Piperade of Sweet Peppers

Recipe Date: February 22, 2021
Difficulty: Easy
Measurements: Imperial (US)

People love or hate sweet peppers. Once they cross over to the hate side it’s hard to woo them back. These meltingly sweet peppers might actually lure them back over the line. Serves 4 – 6


  • 3 tablespoons extra virgin olive oil
  • 2 large sweet red bell peppers, core and seeds removed, sliced thinly
  • 2 large sweet yellow bell peppers, core and seeds removed, sliced thinly
  • 1 large yellow onion, sliced into wedges, as thin as possible
  • 1 large garlic clove, minced
  • Kosher salt
  • Freshly ground black pepper


1. Heat a large saute pan over medium heat. Add the olive oil and the peppers and onions. Saute stirring constantly until wilted, about 2 minutes.

2. Add the garlic then season with 1 teaspoon salt and a few grinds of black pepper. Stir well.
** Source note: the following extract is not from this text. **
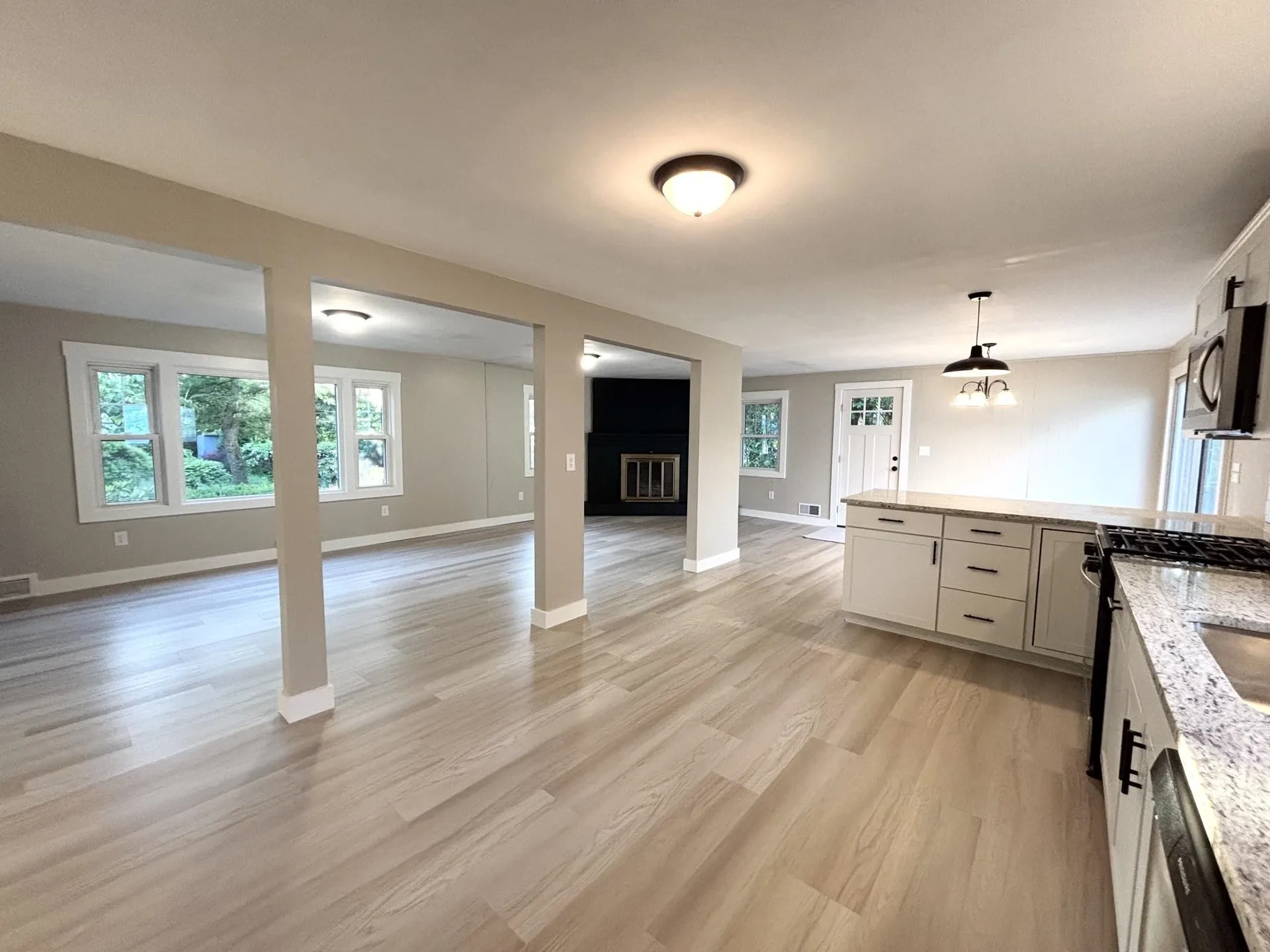 8 Cote Avenue Nashua NH 03060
3. Reduce heat to low, stirring occasionally until peppers are meltingly tender and liquid is concentrated, about 50 minutes to 1 hour.

4. Adjust seasoning to taste before serving.

Notes: Piperade can be made up to 1 month in advance and frozen. Be sure to remove from freezer 1 day in advance of serving to defrost. Reheat gently on low.

Peppers can be sliced, bagged and refrigerated up to 3 days in advance. Slice onion the day of, do not slice in advance as the enzymes in the onion will break down the onion and fill your refrigerator with the smell of cut onions.